TROC DE L’ILE SA (ENXTPA:MLTRO) is a small-cap stock with a market capitalization of €4.27M. While investors primarily focus on the growth potential and competitive landscape of the small-cap companies, they end up ignoring a key aspect, which could be the biggest threat to its existence: its financial health. Why is it important? Companies operating in the Specialty Retail industry facing headwinds from current disruption, in particular ones that run negative earnings, are inclined towards being higher risk. So, understanding the company’s financial health becomes crucial. I believe these basic checks tell most of the story you need to know. Though, given that I have not delve into the company-specifics, I suggest you dig deeper yourself into MLTRO here.
Does MLTRO generate an acceptable amount of cash through operations?
MLTRO’s debt levels surged from €3.14M to €4.06M over the last 12 months – this includes both the current and long-term debt.
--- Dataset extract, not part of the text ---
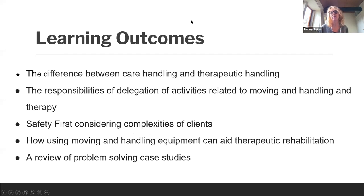Today is going to be about sharing top tips around rehab and using moving and handling equipment so we can work smarter as therapists, along with case studies on using equipment to help people achieve better outcomes. Our learning outcomes cover the difference between care handling and therapeutic handling, how we delegate activities and our roles and responsibilities around that, the complexities of engaging clients with good moving and handling practice, safety considerations, and a Q&A at the end.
With this growth in debt, MLTRO’s cash and short-term investments stands at €1.26M , ready to deploy into the business. Moving onto cash from operations, its trivial cash flows from operations make the cash-to-debt ratio less useful to us, though these low levels of cash means that operational efficiency is worth a look. As the purpose of this article is a high-level overview, I won’t be looking at this today, but you can take a look at some of MLTRO’s operating efficiency ratios such as ROA here.
Can MLTRO pay its short-term liabilities?
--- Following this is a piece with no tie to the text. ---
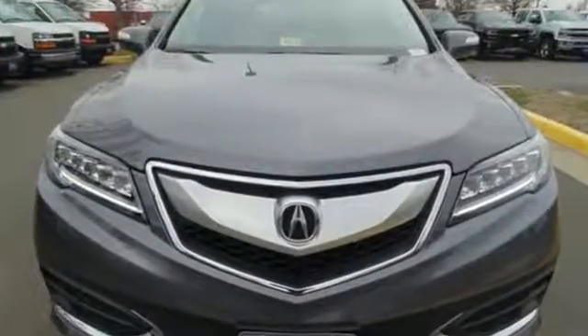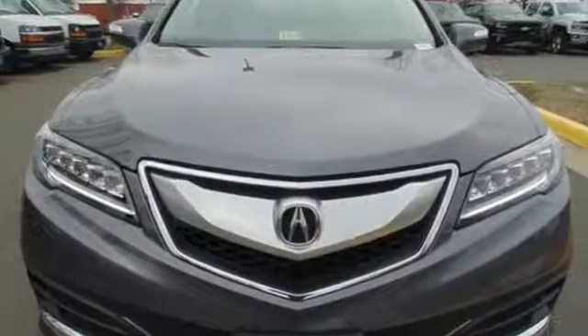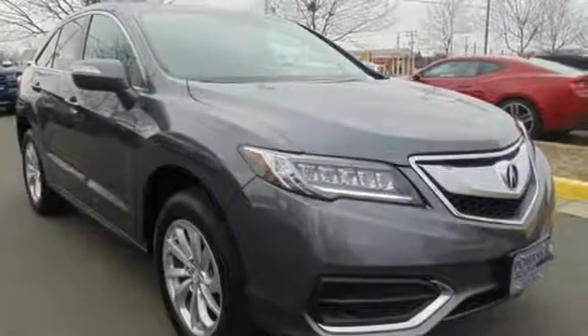This RDX is ready to shoulder your everyday burdens and do it with sophistication and class. Make it yours today.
With current liabilities at €8.32M, the company has not been able to meet these commitments with a current assets level of €4.60M, leading to a 0.55x current account ratio. which is under the appropriate industry ratio of 3x.
Does MLTRO face the risk of succumbing to its debt-load?Since total debt levels have outpaced equities, MLTRO is a highly leveraged company. This is not uncommon for a small-cap company given that debt tends to be lower-cost and at times, more accessible. However, since MLTRO is presently loss-making, there’s a question of sustainability of its current operations. Running high debt, while not yet making money, can be risky in unexpected downturns as liquidity may dry up, making it hard to operate.
MLTRO’s high debt level indicates room for improvement. Furthermore, its cash flow coverage of less than a quarter of debt means that operating efficiency could also be an issue. In addition to this, its low liquidity raises concerns over whether current asset management practices are properly implemented for the small-cap. Keep in mind I haven’t considered other factors such as how MLTRO has been performing in the past. I suggest you continue to research TROC DE L’ILE to get a more holistic view of the stock by looking at:
- 1. Historical Performance: What has MLTRO’s returns been like over the past? Go into more detail in the past track record analysis and take a look at the free visual representations of our analysis for more clarity.
- 2. Other High-Performing Stocks: Are there other stocks that provide better prospects with proven track records? Explore our free list of these great stocks here.